- **Try it**:
Every line below needs to be transcribed without alteration, and no image may be carried over.

####################

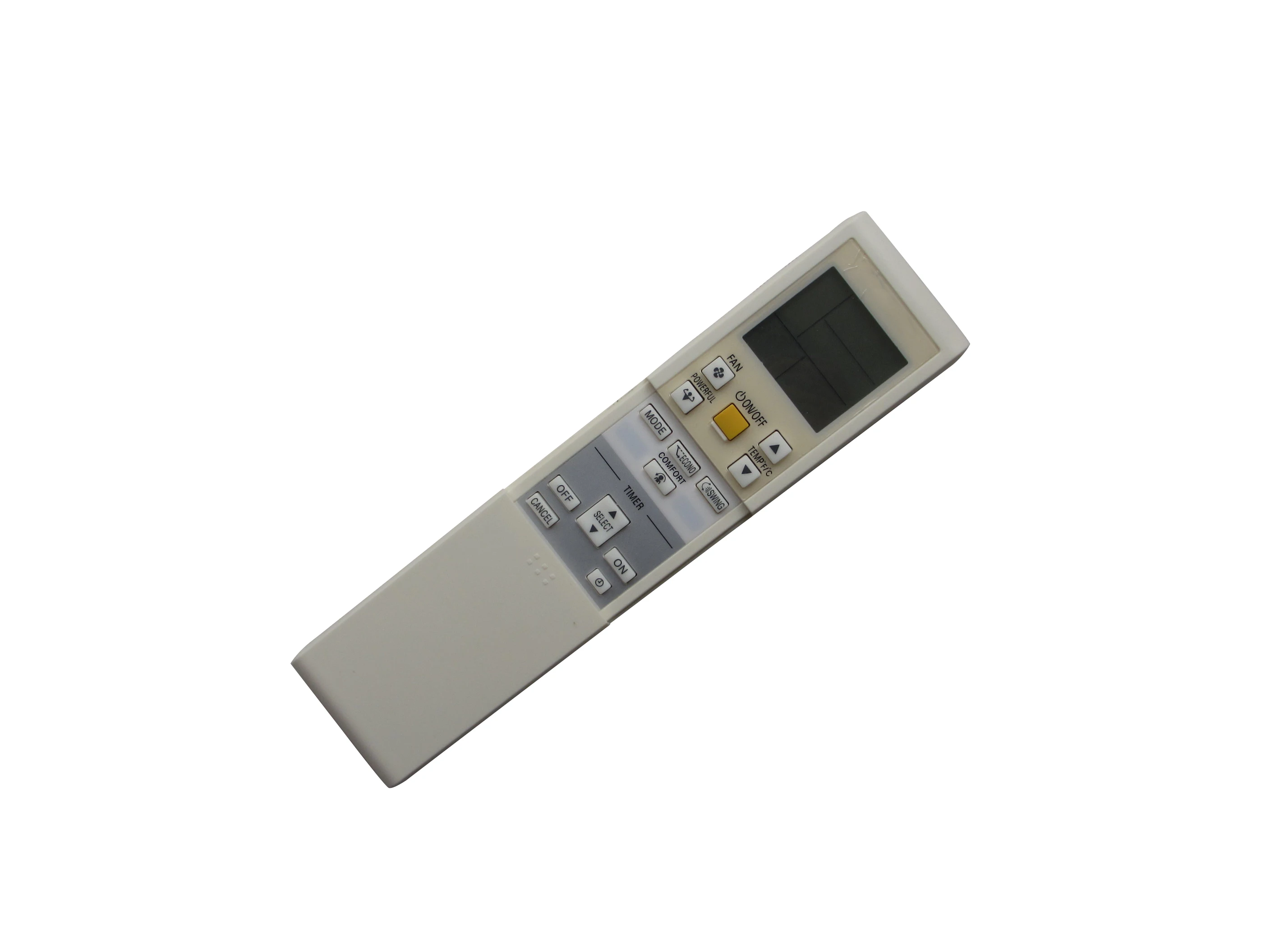 Remote Control For Daikin FTXV20UVMA FTXV25UVMA FTXV35UVMA FTXV46UVMA FTXV50UVMA FTXV60UVMA FTXV71UVMA Room Air Conditioner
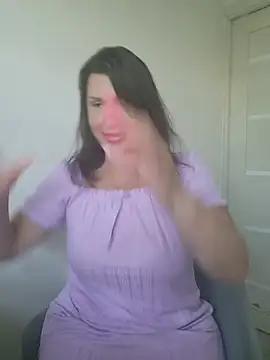Show Webcam de ROXOLANAA_SEXY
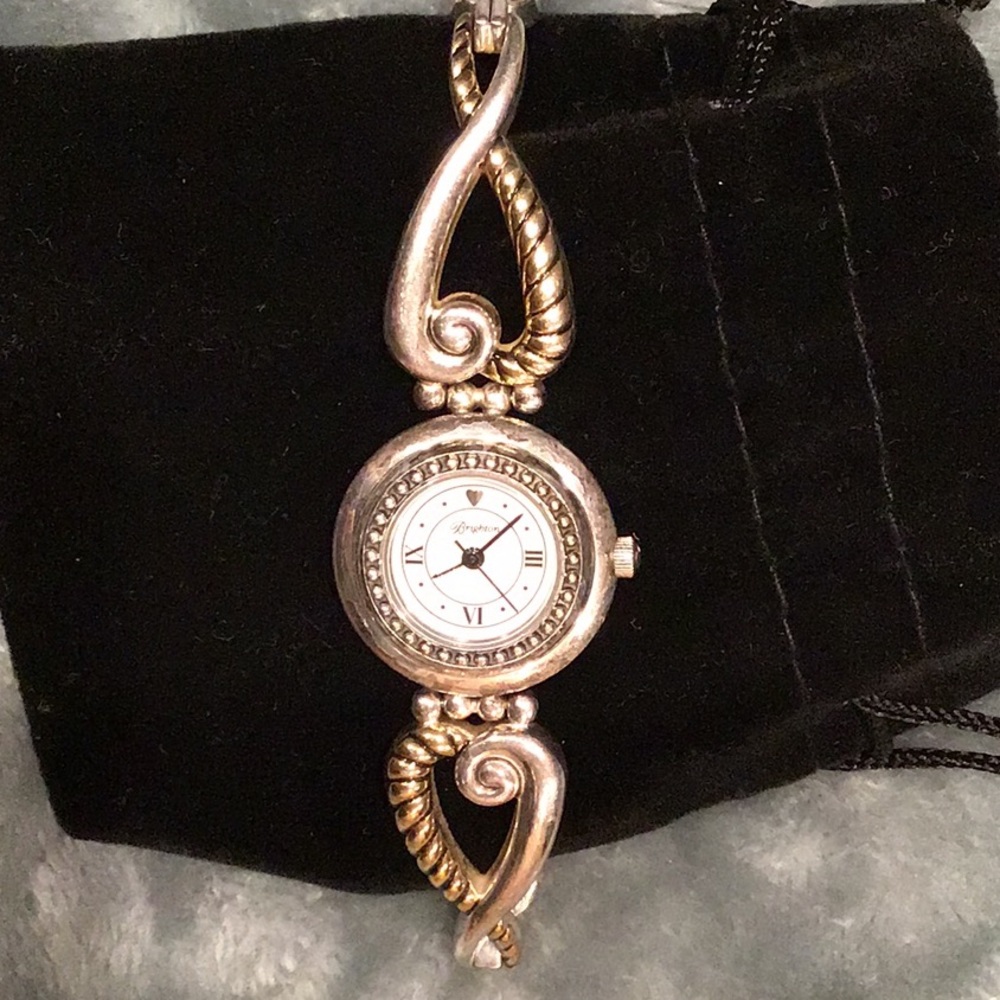 Brighton Charleston watch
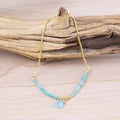 Dew Drop Pull Bracelet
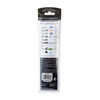 Brush Set Value Pack Camel-3/Pkg - 9143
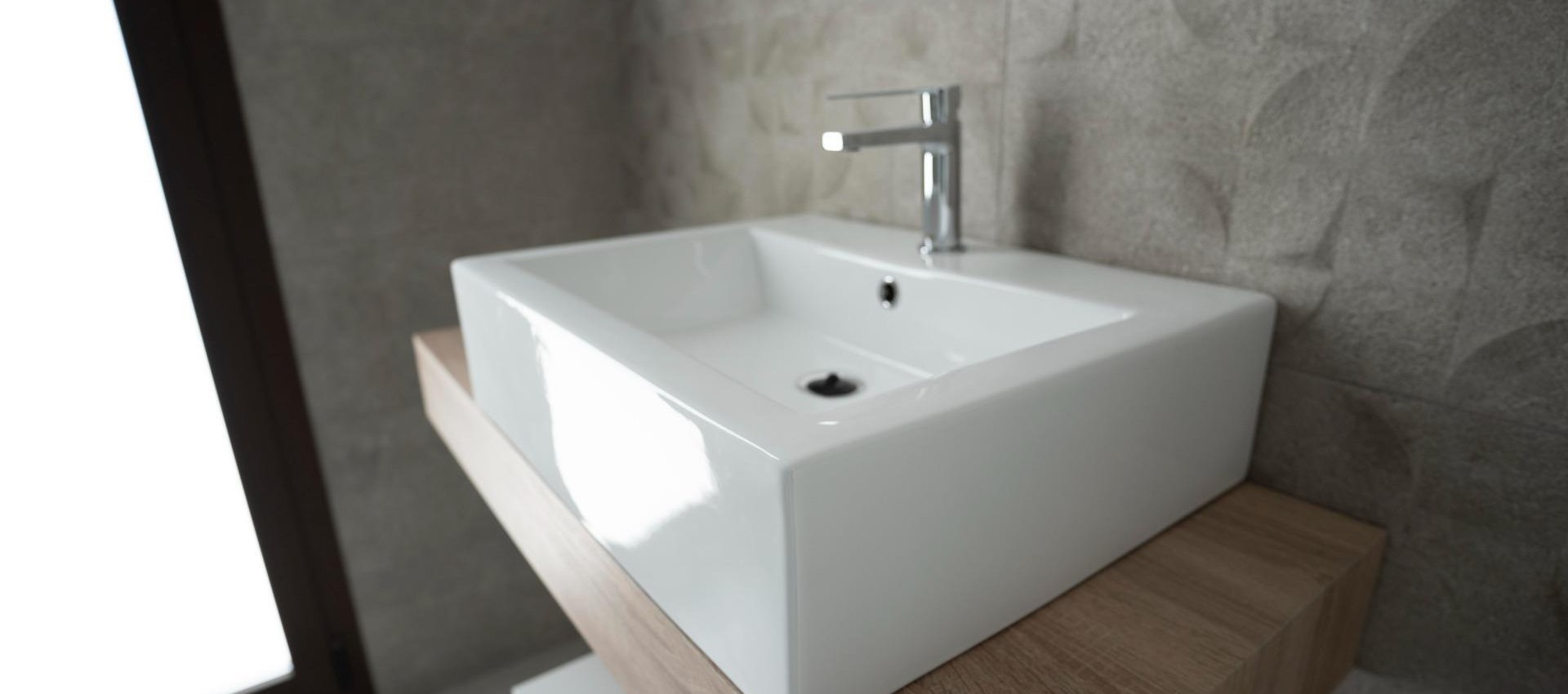 New Build - Villa - Polop - La Alberca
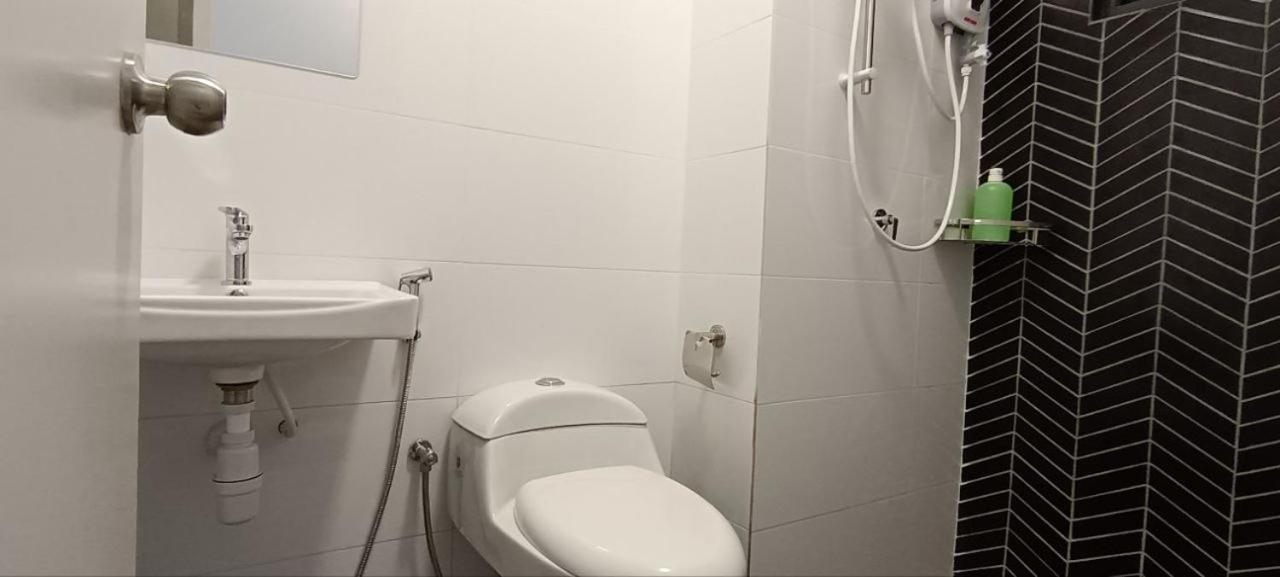 The Horizon Ipoh L8 2Br Deluxe By Grab A Stay Kültér fotó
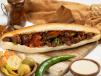 Sujuk Fino Sandwich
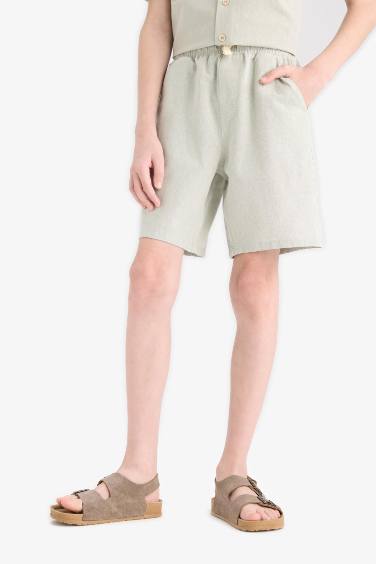 شورت ولادي قصة عادية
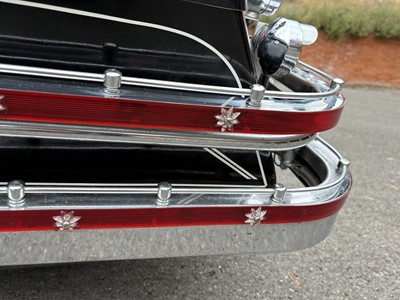 Lot 208 - 1978 Harley-Davidson FLH-1200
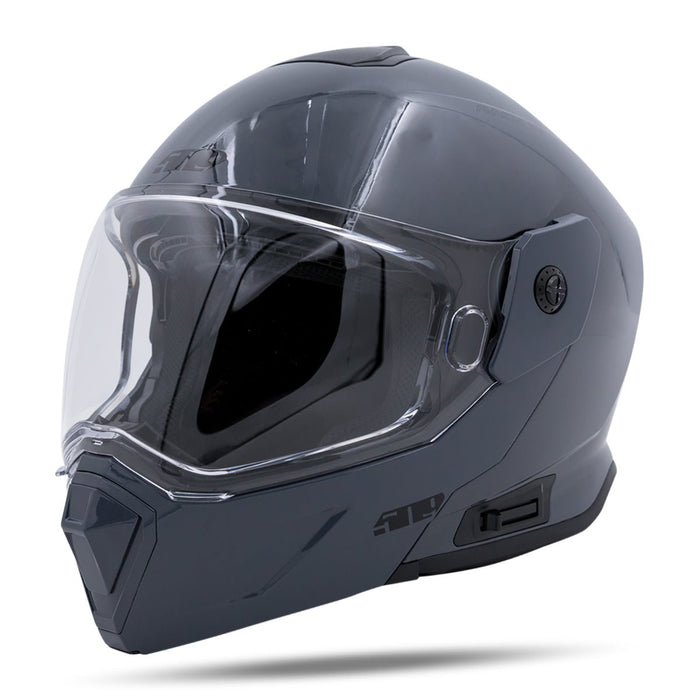 509 MACH IV MOD HELMET - Driven Powersports Inc.F01021200 - 110 - 002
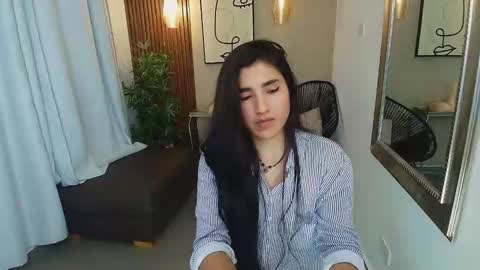 Snapshot of lia_mar_ chatting on 09-09-25, 06:18 LIA online show from 09-09-25, 06:18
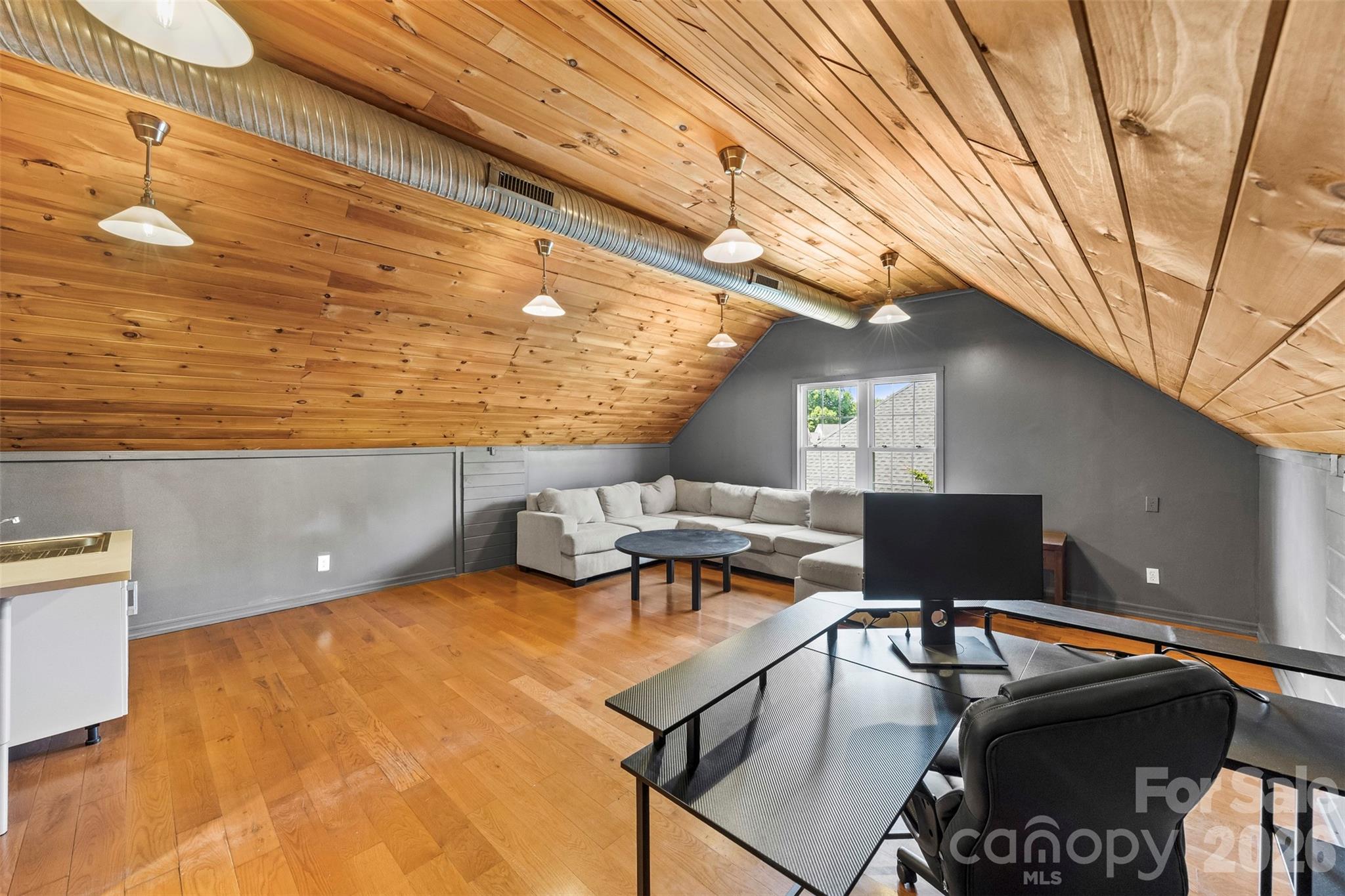 Northstone - Residential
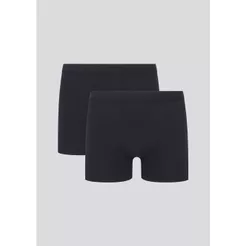 Kit 2 Cuecas Boxer Pima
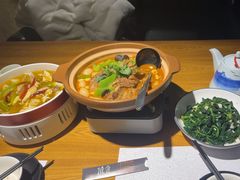-樊城区沛公餐饮店(挑食拉美步行街店)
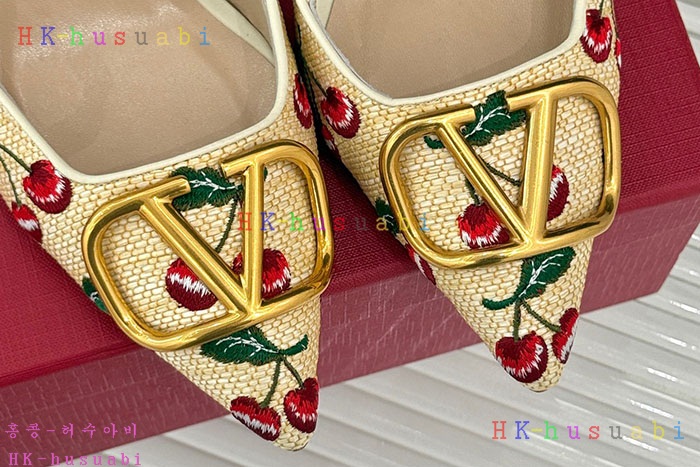 NEW 발렌티노 신발 신상 V 5855713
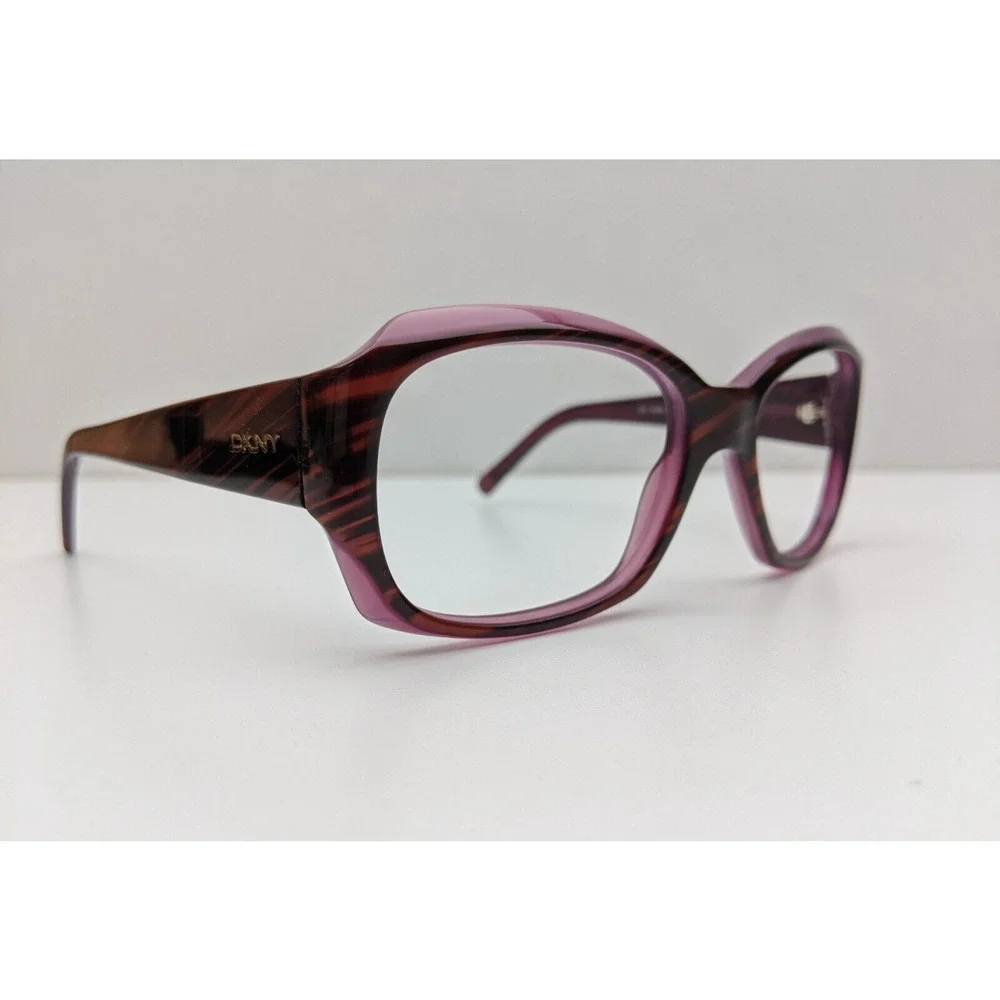 🕶️Frame Only! DKNY DY4048 Women's Sunglasses 55/17 130 /KAC355🕶️​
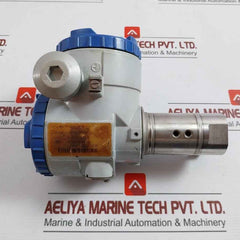 Fuji Electric Fkpvo2V5Akaby0Y Fcx-aii Gauge Pressure Transmitter 28Vdc 4-20Ma Dc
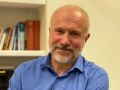 Писатель, хирург-уролог Андрей Убогий приедет на литературный праздник «Забайкальская осень» в Читу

####################

- **Answer below**:
 Remote Control For Daikin FTXV20UVMA FTXV25UVMA FTXV35UVMA FTXV46UVMA FTXV50UVMA FTXV60UVMA FTXV71UVMA Room Air Conditioner
Show Webcam de ROXOLANAA_SEXY
 Brighton Charleston watch
 Dew Drop Pull Bracelet
 Brush Set Value Pack Camel-3/Pkg - 9143
 New Build - Villa - Polop - La Alberca
 The Horizon Ipoh L8 2Br Deluxe By Grab A Stay Kültér fotó
 Sujuk Fino Sandwich
 شورت ولادي قصة عادية
 Lot 208 - 1978 Harley-Davidson FLH-1200
 509 MACH IV MOD HELMET - Driven Powersports Inc.F01021200 - 110 - 002
 Snapshot of lia_mar_ chatting on 09-09-25, 06:18 LIA online show from 09-09-25, 06:18
 Northstone - Residential
 Kit 2 Cuecas Boxer Pima
-樊城区沛公餐饮店(挑食拉美步行街店)
 NEW 발렌티노 신발 신상 V 5855713
 🕶️Frame Only! DKNY DY4048 Women's Sunglasses 55/17 130 /KAC355🕶️​
 Fuji Electric Fkpvo2V5Akaby0Y Fcx-aii Gauge Pressure Transmitter 28Vdc 4-20Ma Dc
 Писатель, хирург-уролог Андрей Убогий приедет на литературный праздник «Забайкальская осень» в Читу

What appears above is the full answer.